Mahansaria: That is not our intention. We see it being segmented by end user categories. We see Alliance predominantly being an agricultural brand. On the other hand, Galaxy has a very comprehensive range of industrial, OTR and construction tires. It has some agricultural tires.
MTD: Galaxy has always been known as an OTR/construction tire brand. Does this open new doors for Alliance in the U.S.? Does Galaxy put you in the OTR business in the U.S.?
Mahansaria: Galaxy’s lines and distribution are very complementary (with Alliance) and it allows us to cover a much broader (range). The entire GPX engineering team is continuing with Alliance. We believe they are a very important part of the success of the Galaxy business.
MTD: Alliance gains control of GPX’s truck tire program thanks to the purchase. Can you discuss GPX’s truck tire program and your plans for it?
Mahansaria: GPX was the sole U.S. distributor for the Aeolus brand of truck tires. Aeolus is one of the largest truck tire companies in China. They make a very high quality product. We intend to continue developing the Aeolus program. We think it allows us to offer a good value proposition to our commercial tire dealer network.
MTD: Last year Alliance opened a new plant in India. Can you bring us up-to-date on the plant’s progress and its production levels?
Mahansaria: My family together with Warburg Pincus, which is one of America’s largest private equity funds, acquired Alliance in July 2007. (Note: Warburg owns the majority of Alliance’s shares.) At that time it became apparent to us that to develop this business on a long-term basis, we needed to augment the high-technology production base we had in Israel with a more competitive manufacturing source. We started thinking about putting a plant in India.
In late 2008, we signed a memorandum of understanding to develop the plant, and we broke ground on the plant in July 2008. We were able to start production at the plant in early December 2009.
The plant represents a total capital commitment of $100 million.
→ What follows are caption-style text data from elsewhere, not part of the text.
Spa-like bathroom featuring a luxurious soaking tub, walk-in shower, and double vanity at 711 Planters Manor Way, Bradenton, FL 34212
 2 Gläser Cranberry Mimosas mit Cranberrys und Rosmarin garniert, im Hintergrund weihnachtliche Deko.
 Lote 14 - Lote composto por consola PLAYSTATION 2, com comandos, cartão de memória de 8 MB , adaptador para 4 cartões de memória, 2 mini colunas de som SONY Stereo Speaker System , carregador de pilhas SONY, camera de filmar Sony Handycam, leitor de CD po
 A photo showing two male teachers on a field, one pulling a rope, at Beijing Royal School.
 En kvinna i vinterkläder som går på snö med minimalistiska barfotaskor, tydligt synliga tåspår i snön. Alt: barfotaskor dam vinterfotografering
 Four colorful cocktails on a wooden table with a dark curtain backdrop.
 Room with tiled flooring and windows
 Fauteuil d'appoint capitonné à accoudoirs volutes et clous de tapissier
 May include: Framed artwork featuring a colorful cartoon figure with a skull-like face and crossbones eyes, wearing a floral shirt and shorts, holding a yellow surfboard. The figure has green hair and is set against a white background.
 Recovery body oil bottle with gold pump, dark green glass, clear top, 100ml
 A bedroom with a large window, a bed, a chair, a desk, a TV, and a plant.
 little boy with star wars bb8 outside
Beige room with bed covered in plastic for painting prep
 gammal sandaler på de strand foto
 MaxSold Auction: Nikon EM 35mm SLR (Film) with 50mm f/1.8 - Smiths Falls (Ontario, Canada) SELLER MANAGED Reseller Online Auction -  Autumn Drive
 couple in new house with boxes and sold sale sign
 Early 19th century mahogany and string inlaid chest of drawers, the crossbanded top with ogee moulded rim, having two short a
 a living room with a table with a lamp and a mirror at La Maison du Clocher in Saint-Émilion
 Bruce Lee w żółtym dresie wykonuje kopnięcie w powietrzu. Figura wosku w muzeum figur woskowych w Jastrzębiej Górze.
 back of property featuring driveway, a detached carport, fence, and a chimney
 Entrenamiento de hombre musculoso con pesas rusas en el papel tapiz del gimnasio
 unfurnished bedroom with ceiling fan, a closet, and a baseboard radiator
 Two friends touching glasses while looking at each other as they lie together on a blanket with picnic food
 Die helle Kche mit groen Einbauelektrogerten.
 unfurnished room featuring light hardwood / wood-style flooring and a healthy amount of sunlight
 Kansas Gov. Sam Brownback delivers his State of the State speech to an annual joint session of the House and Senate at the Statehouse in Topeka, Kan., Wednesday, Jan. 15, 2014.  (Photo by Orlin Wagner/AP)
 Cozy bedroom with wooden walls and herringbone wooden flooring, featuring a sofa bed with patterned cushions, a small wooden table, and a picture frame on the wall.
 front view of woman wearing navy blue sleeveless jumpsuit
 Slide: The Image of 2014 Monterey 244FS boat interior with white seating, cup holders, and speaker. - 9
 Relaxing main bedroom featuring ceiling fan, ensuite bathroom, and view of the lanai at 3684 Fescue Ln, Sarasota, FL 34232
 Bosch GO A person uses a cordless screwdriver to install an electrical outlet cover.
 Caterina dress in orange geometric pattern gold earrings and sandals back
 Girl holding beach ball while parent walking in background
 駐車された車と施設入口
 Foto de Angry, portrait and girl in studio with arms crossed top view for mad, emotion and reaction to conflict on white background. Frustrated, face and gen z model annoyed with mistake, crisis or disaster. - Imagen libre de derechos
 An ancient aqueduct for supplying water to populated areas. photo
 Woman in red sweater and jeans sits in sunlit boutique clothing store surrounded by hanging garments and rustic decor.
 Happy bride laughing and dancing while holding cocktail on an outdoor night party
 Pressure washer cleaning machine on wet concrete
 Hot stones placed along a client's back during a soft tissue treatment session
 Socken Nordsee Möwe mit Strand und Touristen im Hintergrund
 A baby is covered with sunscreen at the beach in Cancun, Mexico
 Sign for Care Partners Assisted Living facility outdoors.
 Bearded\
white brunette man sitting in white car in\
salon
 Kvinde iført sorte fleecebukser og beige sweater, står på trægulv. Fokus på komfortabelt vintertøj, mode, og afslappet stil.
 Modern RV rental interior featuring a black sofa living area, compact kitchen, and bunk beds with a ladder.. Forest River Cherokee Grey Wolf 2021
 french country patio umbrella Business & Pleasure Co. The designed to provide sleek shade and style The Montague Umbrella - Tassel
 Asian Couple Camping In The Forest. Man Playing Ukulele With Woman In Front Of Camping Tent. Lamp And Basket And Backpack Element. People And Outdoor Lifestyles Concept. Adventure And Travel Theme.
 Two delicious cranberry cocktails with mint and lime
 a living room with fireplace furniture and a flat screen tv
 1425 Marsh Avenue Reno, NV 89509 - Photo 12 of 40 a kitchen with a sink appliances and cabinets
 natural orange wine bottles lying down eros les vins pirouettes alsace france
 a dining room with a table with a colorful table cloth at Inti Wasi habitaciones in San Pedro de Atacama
The plant ramp-up is ahead of schedule. We are operating today at about 35% capacity. We expect to be able to (produce) half a million tires per year (at full capacity).
MTD: How many plants do you have in Israel, Alliance Tire's home country?
Mahansaria: We have one other plant in Hadera, Israel.
MTD: What is the plant’s annual capacity in terms of units?
Mahansaria: About 300,000 units.
MTD: How many of the units that are made in India will be shipped to the U.S. vs. other markets?
Mahansaria: We would expect that 20% to 25% of Indian production will come to the U.S.
MTD: Any plans to transfer production from Israel to India?
Mahansaria: We have moved certain low-added value tires to India because the manufacturing costs made it difficult to be competitive. We really see Israel as our center of production for the high technology, cutting edge products we make, like our radial flotation tractor tires.
We have the plant in Israel, we have the plant in India and importantly, we have good relationships with good vendors in China, which came to us via the acquisition of the GPX business. We think that is also is a very important part of our overall value proposition.
MTD: Last year, we spoke with Manny Cicero, president of Alliance's U.S. subsidiary, who explained Alliance’s plans to improve its distribution infrastructure in the U.S. Alliance now has a distribution center in Tennessee, which has been very critical. Do you want more warehouses in the U.S.?
Mahansaria: We would expect to eventually add more distribution centers in the U.S., but they will not be 2010 projects. We view 2010 as the year we consolidate the acquisitions we have made in the U.S.
MTD: Has the global recession impacted Warburg’s access to credit or capital?
Mahansaria: I don’t believe so. Warburg invests capital from long-term committed funds, so when they make investments they’re not going to banks and borrowing money. They have long-term commitments from maybe U.S. pension funds and other large international investors. So to that extent, it has not been affected by the recession.
“In the last few years we have invested a lot of capital in building a very sound, long-term plan between the (development) of the India plant and the acquisition of GPX’s assets. We think in North America there is a situation for Alliance” to build its business.